Nieves è «una specie di fantasma nella vita di Julio» e quando, dopo ventiquattro anni, torna in Messico con Paola, la moglie italiana che «aveva associato la sua insopportabile tristezza alla cultura messicana», egli sente che «il Messico era Nieves».

Julio ha l’incarico di ricostruire la vita del poeta Ramón López Velarde potendo accedere alla documentazione dello zio Donasiano e torna quando il Pan ha sostituito il Pri, al potere per settantuno anni. Ma che cosa è cambiato? Sul pavimento della tomba di Porfirio Díaz, c’è una lastra che dice: «Il Messico lo ama, il Messico lo ammira, il Messico lo rispetta». L’ha posta un conterraneo nel 1994 l’anno «della sollevazione zapatista in Chiapas e dell’assassinio del candidado del Pri Luís Donaldo Colosio». Nel leggerla Julio pensa che «nella cripta di Porfirio Díaz il tempo si riavvolgeva su se stesso».

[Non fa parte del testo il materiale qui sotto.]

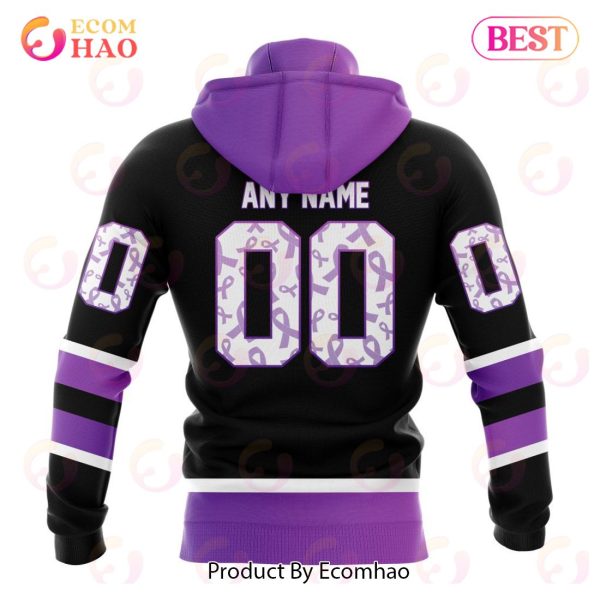 NHL Seattle Kraken Special Black Hockey Fights Cancer Kits 3D Hoodie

L’opera, dice Villoro, nasce da un dialogo tra Octavio Paz e Jorge Luís Borges che chiede il significato del verso «patria, venditrice di chía». Paz gli riferisce che la chía è un seme con cui si fa una bevanda e sa di terra. «Il senso di appartenenza di López Velarde - conclude Villoro - si riassume in questa frase: la patria è la terra che beviamo senza rendercene conto». Da quel dialogo è nato «un romanzo di cinquecento pagine».

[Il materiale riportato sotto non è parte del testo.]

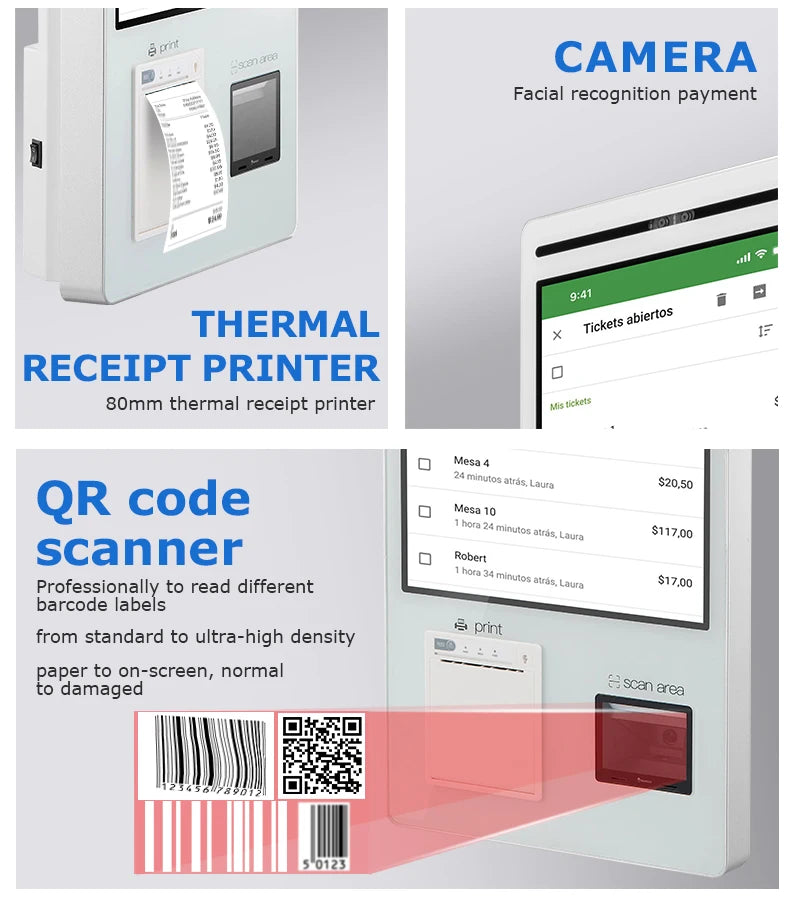 21.5 Inch Interactive Self Service Payment Kiosk Automatic Touch Screen Self Checkout Kiosk Machines for Restaurant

Nella vita di López Velarde, morto a trentatré anni, ci fu un amore sublimato per Josefa de los Ríos, una parente lontana che aveva 8 anni più di lui. Anche Nieves aveva 8 anni più di Julio ed era sua parente. La ricerca su López Velarde servirà per «ricostruire l’archivio della tua tribù» gli dice Juan Ruíz che chiosa: e «ti aiuterà a tornare in Messico», volendo dire nell’anima del Messico.

Nieves, Velarde, la storia che Julio porta nel proprio nome che ricorda Julio Valdivieso «El Niño de los Gallos, fucilato a undici anni» nella guerra dei Cristeros.

Il Messico domina la scena e attira nelle proprie viscere il testimone prigioniero del non accaduto. «Il popolo è rimasto fregato due volte, prima perché rivoluzionario e poi perché cattolico; ma solo uno dei suoi calvari è stato raccontato: la Rivoluzione, non la Cristiada». Una storia complessa, spesso di parte e Possesso per perdita, come dice il titolo di una conferenza su Velarde che padre Monteverde trova tra le carte dello zio Donasiano.

Il romanzo porta l’eco della tensione intelligente per dare un corpo unitario ad un complesso di storie personali e messicane con un loro profilo definito e con una lingua vivace piena di rimandi. È un mosaico di tessere che a volte rivelano il timore di qualche incomprensione.